A probiotic formulation combining the strains L. helveticus R0052, B. longum subsp. infantis R0033, and B. bifidum R0071 with FOS has been commercialized in several countries for 20 years, and some clinical studies have reported positive health effects in pediatric populations [17]. However, little is known about the effect of these probiotics on the infant’s microbiota. In order to cover this gap of knowledge, preclinical studies with in vitro and in vivo models are affordable procedures before approaching more complicated and expensive human intervention studies. To this regard, no in vitro studies have been conducted until present about the effect of this formulation on the intestinal microbiota of infants. Therefore, the present study was performed to assess the effect of the multi-strain probiotic formulation just mentioned and each of their constituent microorganisms on the microbiota composition and metabolic activity in fecal cultures from full-term vaginally delivered babies at two months of age in the presence of one of the most abundant HMOs in human milk, the compound 2′FL. The ANKOM RF system was used to carry out in vitro fecal batch fermentations, as described recently [7]. The same fecal inocula, ranked previously in four groups according to the mode of feeding of infant donors (BF or FF) and the intrinsic capacity of their microbiotas to degrade 2′FL in fecal cultures (fast degraders and slow degraders), were considered in the present study and the results were analyzed according to this classification [7].

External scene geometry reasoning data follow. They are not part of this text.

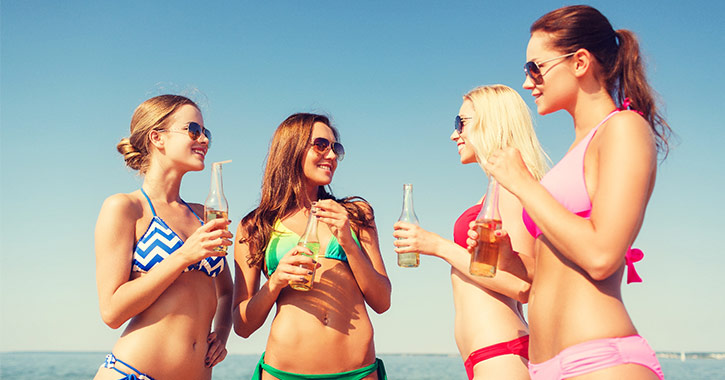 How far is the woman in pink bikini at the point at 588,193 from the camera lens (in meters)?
2.39

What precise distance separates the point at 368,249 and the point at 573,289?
2.39 m

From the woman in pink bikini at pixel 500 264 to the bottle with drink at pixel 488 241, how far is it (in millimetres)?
205

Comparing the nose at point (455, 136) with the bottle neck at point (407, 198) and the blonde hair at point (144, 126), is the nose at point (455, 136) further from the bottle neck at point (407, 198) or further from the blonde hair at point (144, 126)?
the blonde hair at point (144, 126)

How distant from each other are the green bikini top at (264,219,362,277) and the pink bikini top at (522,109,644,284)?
6.62 feet

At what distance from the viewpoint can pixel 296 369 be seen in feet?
13.9

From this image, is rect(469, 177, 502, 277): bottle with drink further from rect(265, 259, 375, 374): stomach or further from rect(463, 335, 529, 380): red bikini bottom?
rect(265, 259, 375, 374): stomach

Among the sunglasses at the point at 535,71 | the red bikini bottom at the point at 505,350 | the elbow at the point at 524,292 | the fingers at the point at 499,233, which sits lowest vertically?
the red bikini bottom at the point at 505,350

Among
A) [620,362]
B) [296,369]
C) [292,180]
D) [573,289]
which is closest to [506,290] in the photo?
[573,289]

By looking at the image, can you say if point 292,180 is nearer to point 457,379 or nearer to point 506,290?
point 506,290

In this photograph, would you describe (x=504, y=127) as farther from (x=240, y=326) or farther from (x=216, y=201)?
(x=240, y=326)

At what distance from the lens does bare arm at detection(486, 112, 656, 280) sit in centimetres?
237

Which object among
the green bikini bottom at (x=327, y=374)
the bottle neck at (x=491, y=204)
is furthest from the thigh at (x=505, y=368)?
the green bikini bottom at (x=327, y=374)

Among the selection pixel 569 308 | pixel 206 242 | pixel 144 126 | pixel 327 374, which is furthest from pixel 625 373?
pixel 144 126

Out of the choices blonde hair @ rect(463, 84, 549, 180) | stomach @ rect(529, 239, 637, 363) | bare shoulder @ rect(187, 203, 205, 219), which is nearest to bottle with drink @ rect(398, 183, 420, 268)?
blonde hair @ rect(463, 84, 549, 180) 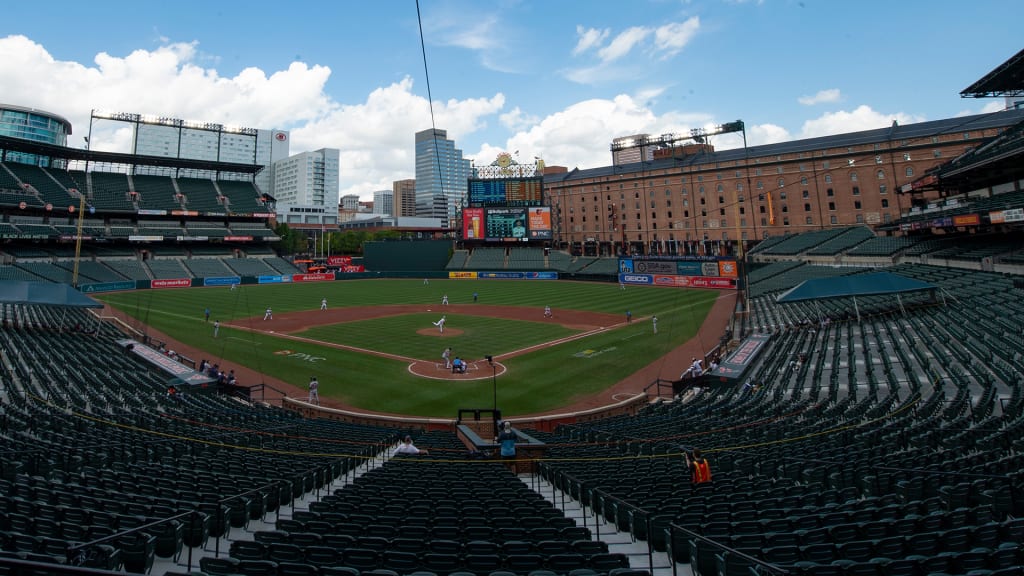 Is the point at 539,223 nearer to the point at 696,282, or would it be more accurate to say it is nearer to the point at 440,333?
the point at 696,282

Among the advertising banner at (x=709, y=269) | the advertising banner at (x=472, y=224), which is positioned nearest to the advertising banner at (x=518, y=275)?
the advertising banner at (x=472, y=224)

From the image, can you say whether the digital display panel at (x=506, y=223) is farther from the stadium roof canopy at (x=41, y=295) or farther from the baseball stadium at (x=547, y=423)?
the stadium roof canopy at (x=41, y=295)

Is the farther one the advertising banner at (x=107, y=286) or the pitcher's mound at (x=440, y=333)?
the advertising banner at (x=107, y=286)

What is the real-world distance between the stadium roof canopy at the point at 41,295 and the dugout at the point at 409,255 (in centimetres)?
6794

The addition of the strain B. bifidum R0071 to fecal cultures of slow-degrading donors, but not of any of the other strains or its combination, promoted the increase of 2′FL degradation during fermentation, reaching higher rates of consumption in cultures inoculated with feces from the BF baby than with those from FF donors. This evidenced the capacity of B. bifidum R0071 to promote the degradation of 2′FL, either by a direct action of this microorganism on 2′FL or through interactions with other microorganisms present in the infant microbiota. In this regard, several authors have reported the ability of Bifidobacterium strains from the species B. bifidum and B. longum to ferment 2′FL through cellular enzymatic mechanisms that are different between these two species [4,29,30]. FF and BF donors display different fecal microbiota compositions [7], and, unlike in other studies, bifidobacteria are not the most abundant bacteria in these babies [1,5,6]; differences in the basal microbiota composition could have accounted for differences in 2′FL degradation rates between cultures from both groups of feeding. Relating to this, Borewicz et al. [5] reported a strong correlation of HMO consumption with the fecal microbiota composition of BF infants at one month of age. In our work, the fact that cultures from slow-degrading donors with added B. bifidum R0071 reached lower degradation rates of 2′FL than fecal cultures of fast degraders suggests that in fast degraders, some other microorganisms of the microbiota may also be contributing to the efficient degradation of 2′FL together with the probiotic added. In this regard, some trophic interactions have been described between Bifidobacterium strains and other bifidobacteria or members of other intestinal microbial taxons for the efficient degradation of 2′FL [31,32]. Recently, Centanni et al. [33] demonstrated in co-cultures the syntrophic cooperation of two strains of B. bifidum (a 2′FL degrader not using fucose) and B. breve (a 2′FL non-degrader consuming fucose) for the joint use of 2′FL and its constituent sugars, resulting in modifications of the metabolism of both strains and of the growth pattern of B. breve.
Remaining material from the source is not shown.